他是我日夜兼程从须弥赶回璃月,也想要第一眼就见到的人。
为什么要刻意远离我?
他到底知不知道能够这样站在他的面前,我已跨越了世界时空的距离?
我只是对太多事情浑不在意,又不是真的没有心。
“你在想什么,阿鸢。”钟离给我已经茶水见底的杯子续上了水,然后温和地看着我,“你很少苦恼这些事情。”
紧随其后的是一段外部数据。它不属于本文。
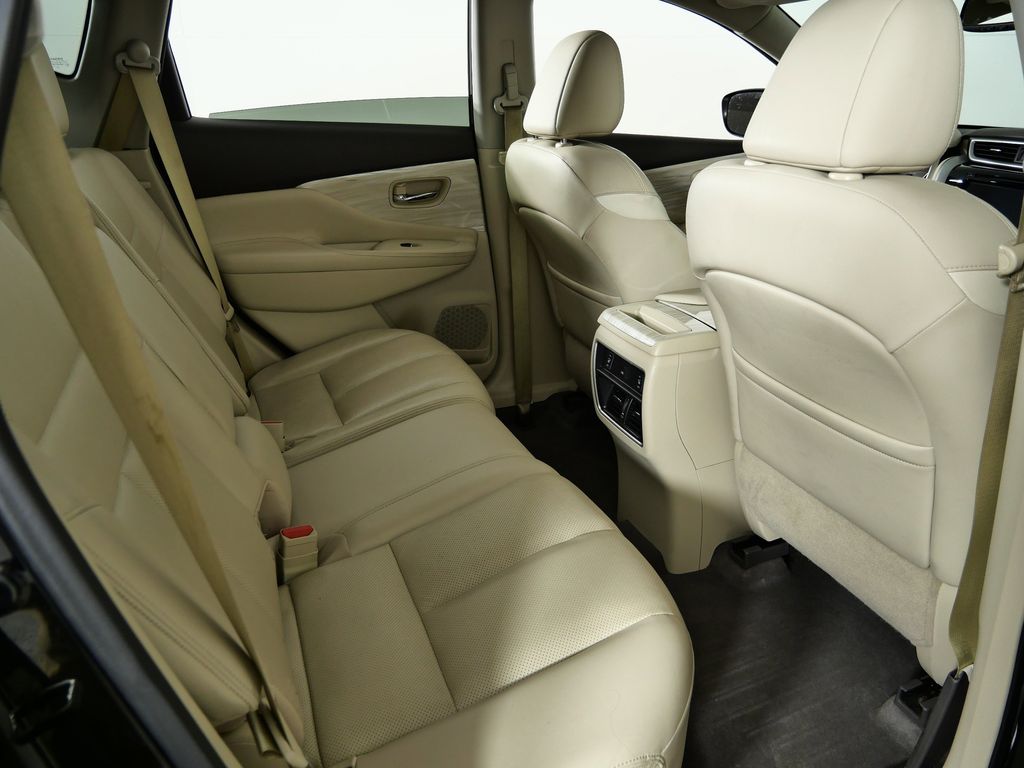 Thumbnail: 2017 Nissan Murano - 26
“任谁被拒绝了也很难开心吧?”我硬邦邦地说,“他那个样子恨不得要把我逐出师门。”
“唉。”听到我话语里面的怨气,任是想要开解我的钟离也是叹了一口气,最后只能宽慰我,“不妨与我细说经过。”
我于是将前天我跟魈不欢而散的具体情况跟他讲了一遍。
“稍等。”讲述到一半,他轻轻打断了我,“你说他拿出了和璞鸢?”
“对啊。”我点了点头,“但是后面不知道为什么,又换了一把枪。”
“原来如此。”钟离笑了,他摸我的脑袋,“不必担忧此事。”
“凡是顺其自然最佳。”
他好像明白了。
但我还没有明白。
钟离,你小子有主意过头了,心里真的是能藏事啊(恶狠狠)。
(四)
我告别了我的,非常能藏住事的老爸,在璃月港当街溜子去了。
这不当还好,一当就当出了事。
看着眼前这个橘发青年,我真的是很想大喊出声——
你不要过来啊!达达利亚!
我怎么从须弥好不容易放个假回来,还能碰到你啊!
马上就是海灯节了,你这个毛子真的不回家吗!
他就好像是缠上了我,跟着我一口一个“恩人”,怎么甩都甩不掉。
一路跟着我到了南码头,直到我忍无可忍掏出决斗枪就指向了他。
“别跟着我了!你不觉得很冒昧吗!”我没好气地说。
坏了。
我忘记这家伙是个武疯子了。
他看到我掏出决斗枪,眼睛都亮了!
“恩人小姐你也会武吗?我们来切磋一下吧!”达达利亚相当兴奋地说。
不,我不想。
我立刻收回了枪,冷着脸:“你再死缠烂打,会让我后悔那天在房门口发现了你。”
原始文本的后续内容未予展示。